YOUR INSTRUCTIONS:
Using the data below, restate exactly every line from the one with "Car Breakfast Menu" up to and including the one with "Silicone Divided Feeding Tray for Babies". No picture belongs in it.

SOURCE MATERIAL:
⟨

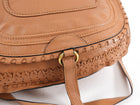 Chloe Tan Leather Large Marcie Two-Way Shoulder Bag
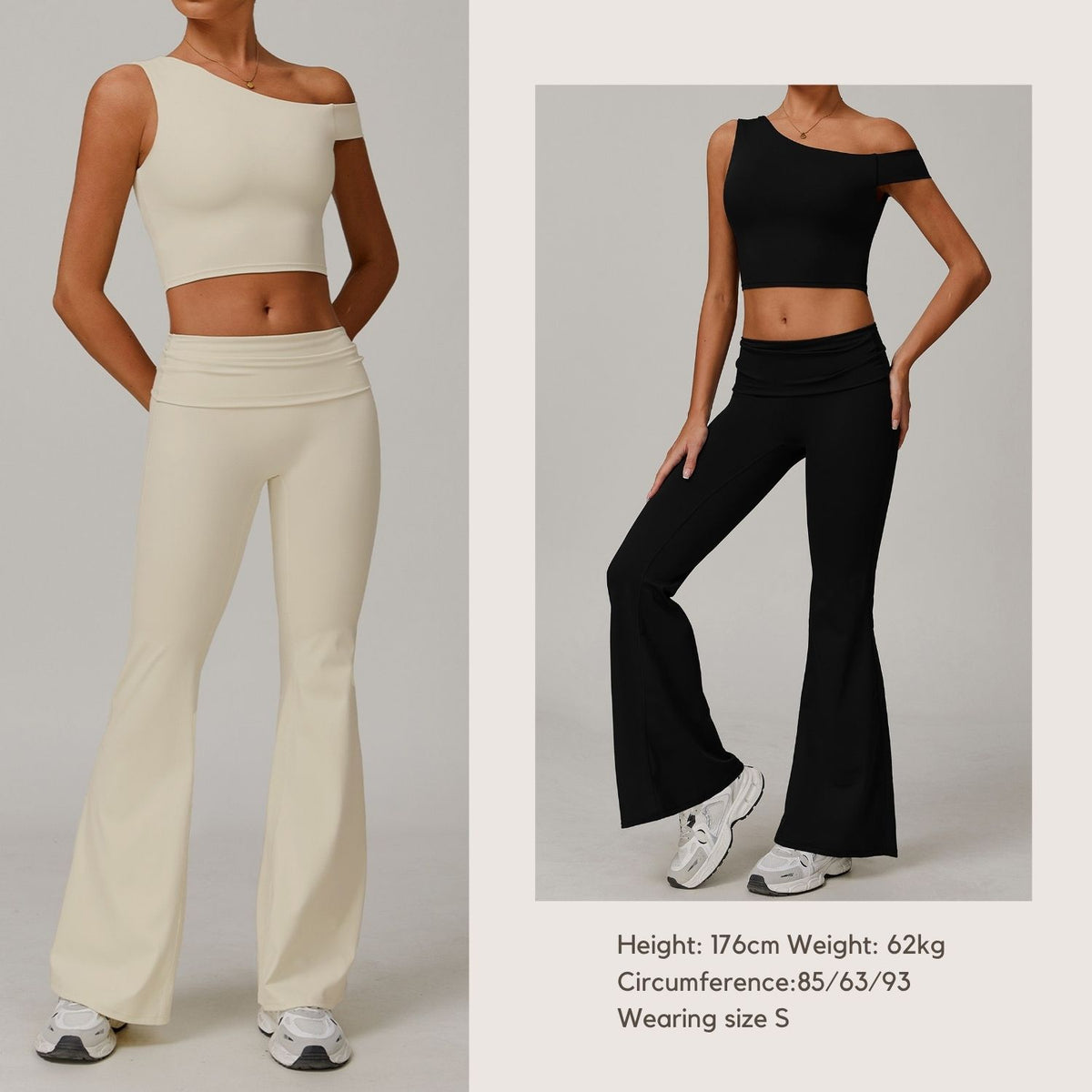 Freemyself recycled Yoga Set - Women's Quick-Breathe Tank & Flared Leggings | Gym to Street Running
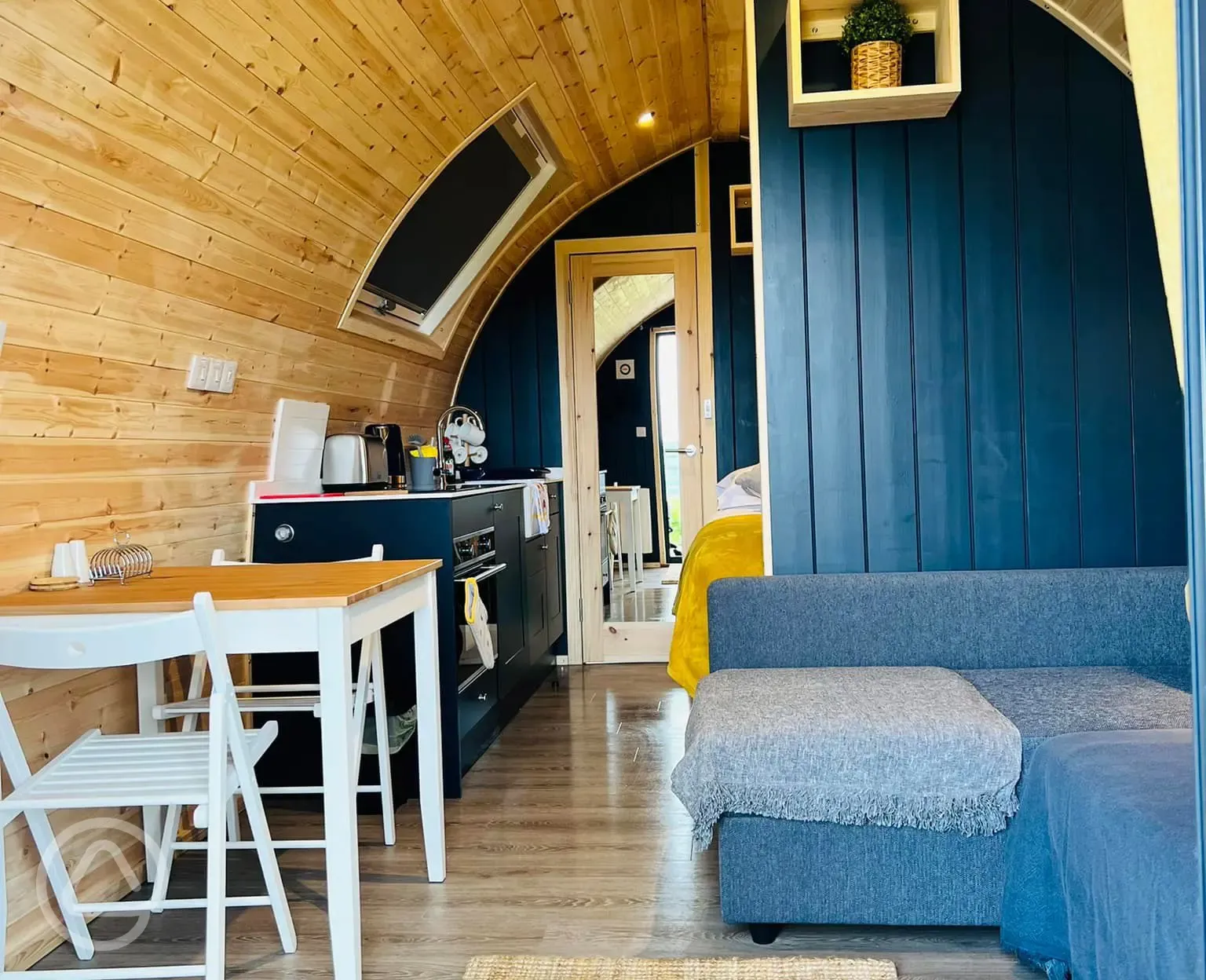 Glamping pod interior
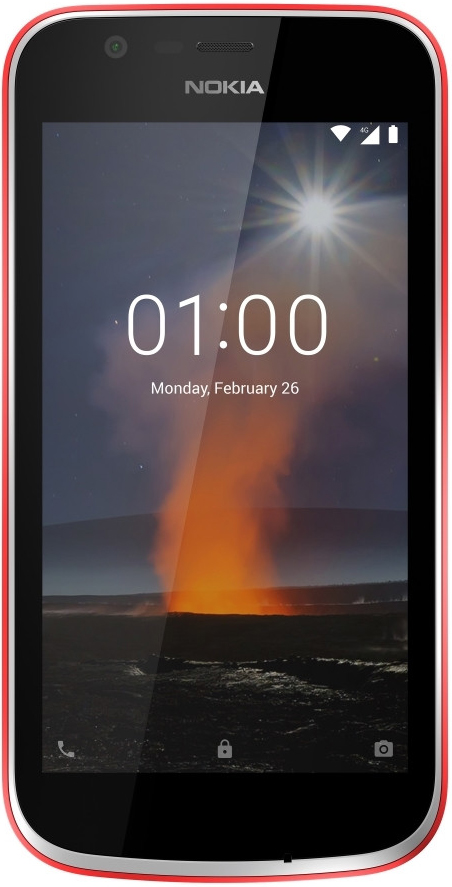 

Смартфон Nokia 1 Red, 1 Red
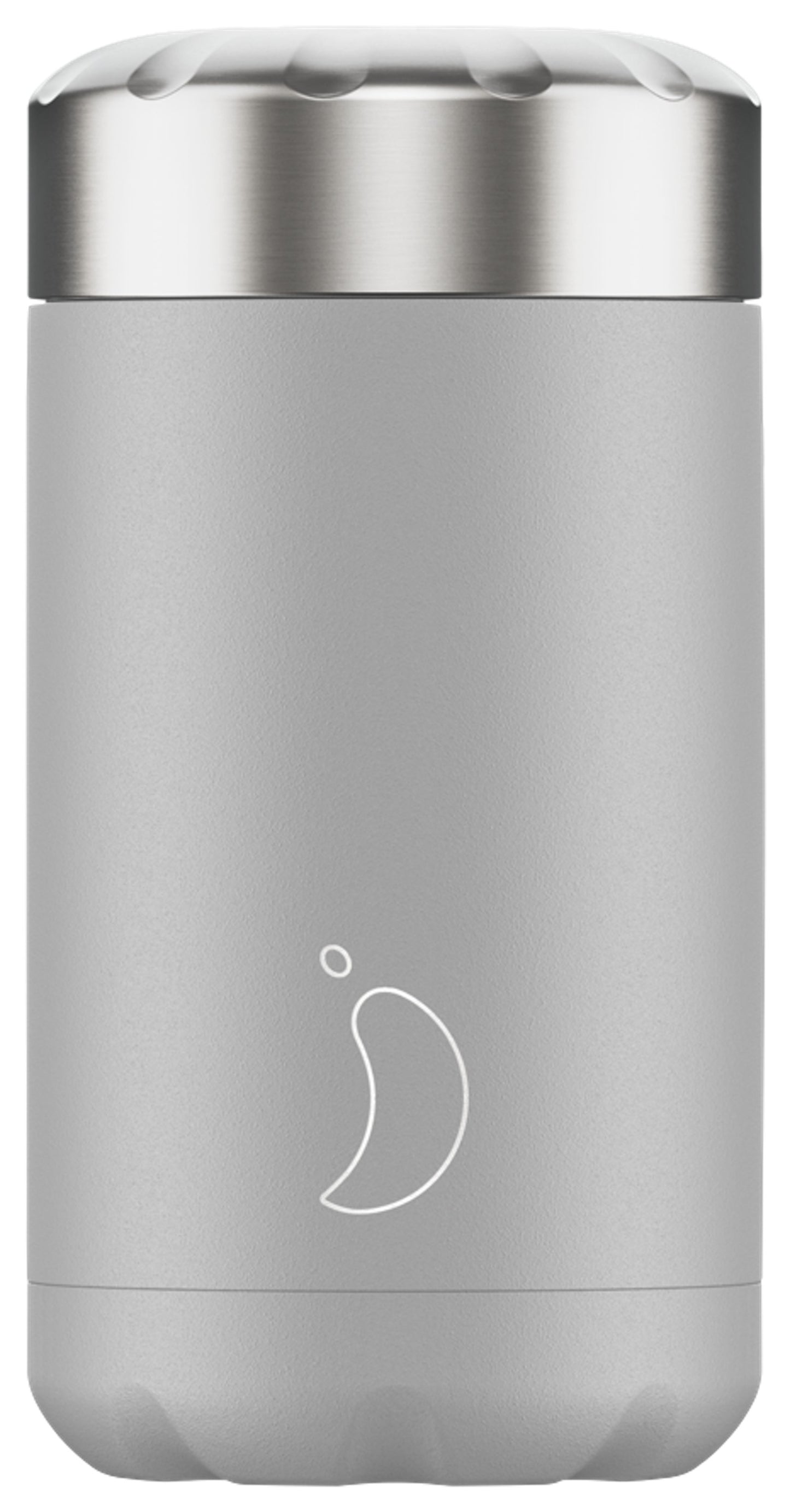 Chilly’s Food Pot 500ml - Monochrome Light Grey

⟩
⟨

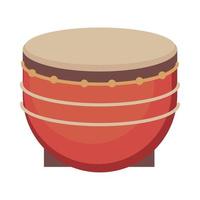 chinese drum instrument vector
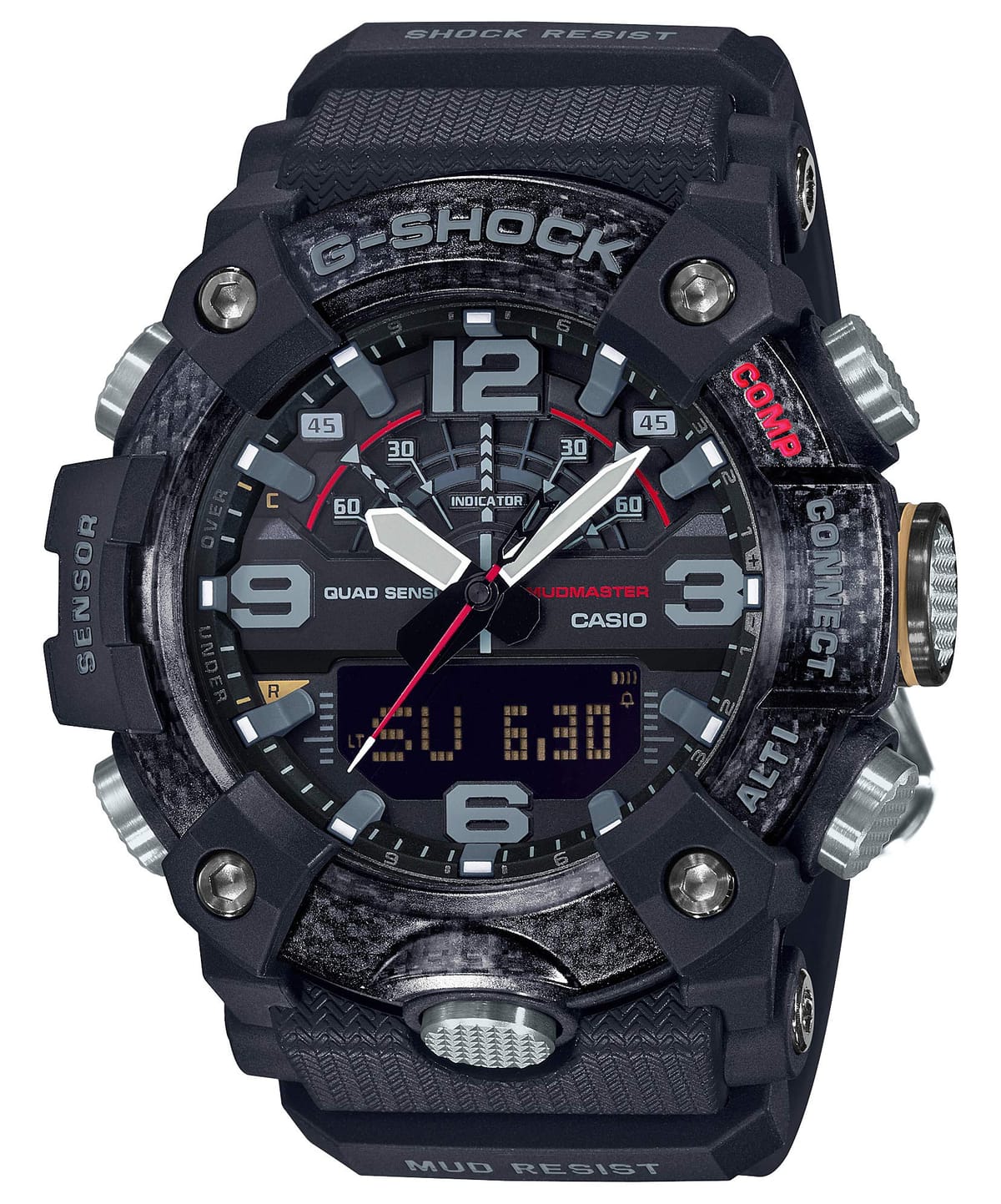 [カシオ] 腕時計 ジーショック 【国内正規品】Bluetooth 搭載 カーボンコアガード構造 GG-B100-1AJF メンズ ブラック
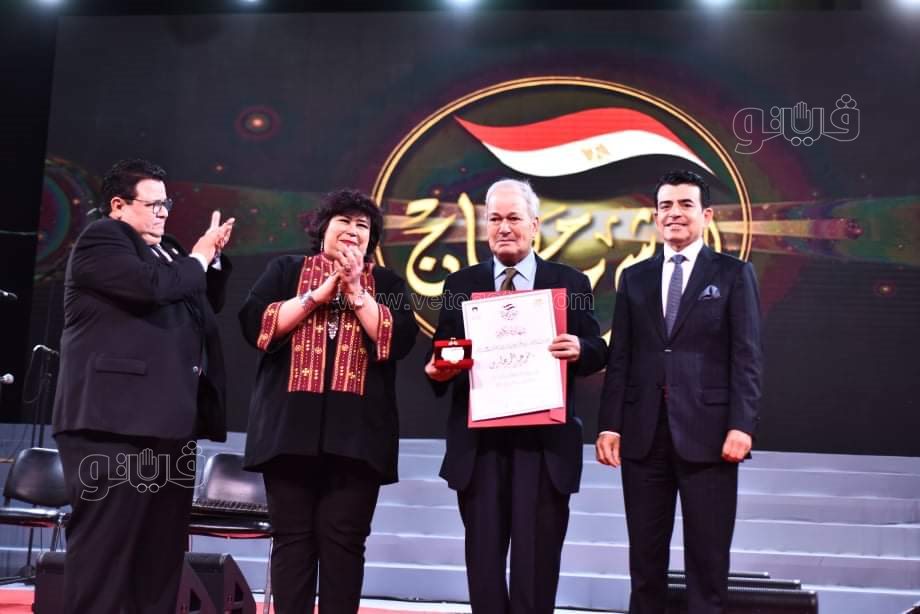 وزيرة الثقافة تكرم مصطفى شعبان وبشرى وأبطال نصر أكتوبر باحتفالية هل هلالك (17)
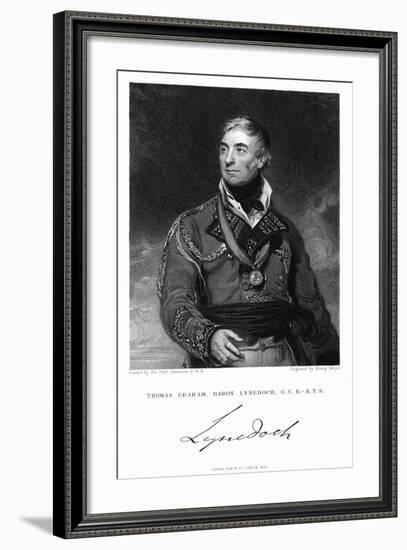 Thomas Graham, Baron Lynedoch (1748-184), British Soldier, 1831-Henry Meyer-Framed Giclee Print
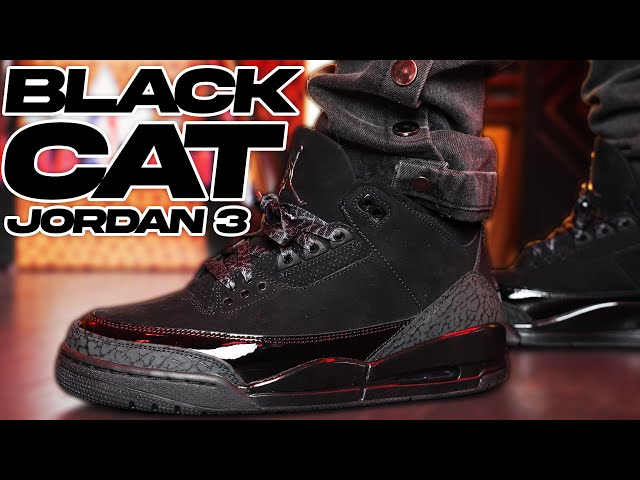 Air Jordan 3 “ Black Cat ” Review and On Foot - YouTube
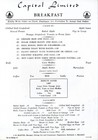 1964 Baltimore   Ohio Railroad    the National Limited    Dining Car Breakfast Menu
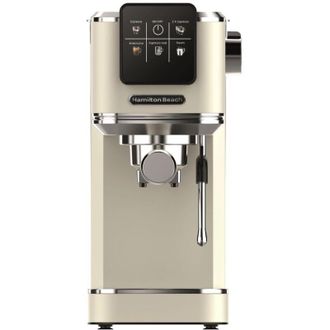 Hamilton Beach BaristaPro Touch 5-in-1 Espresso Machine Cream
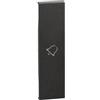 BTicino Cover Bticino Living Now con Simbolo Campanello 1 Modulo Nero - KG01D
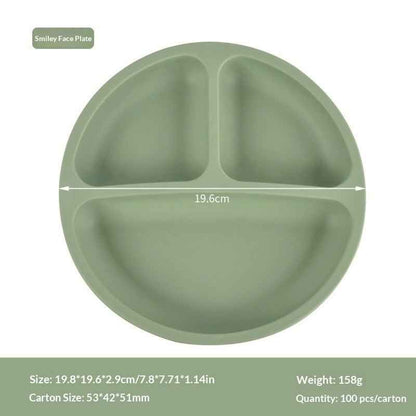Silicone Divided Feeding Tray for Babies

⟩

EXERCISE SOLUTION:
 1964 Baltimore   Ohio Railroad    the National Limited    Dining Car Breakfast Menu
 Hamilton Beach BaristaPro Touch 5-in-1 Espresso Machine Cream
 BTicino Cover Bticino Living Now con Simbolo Campanello 1 Modulo Nero - KG01D
Silicone Divided Feeding Tray for Babies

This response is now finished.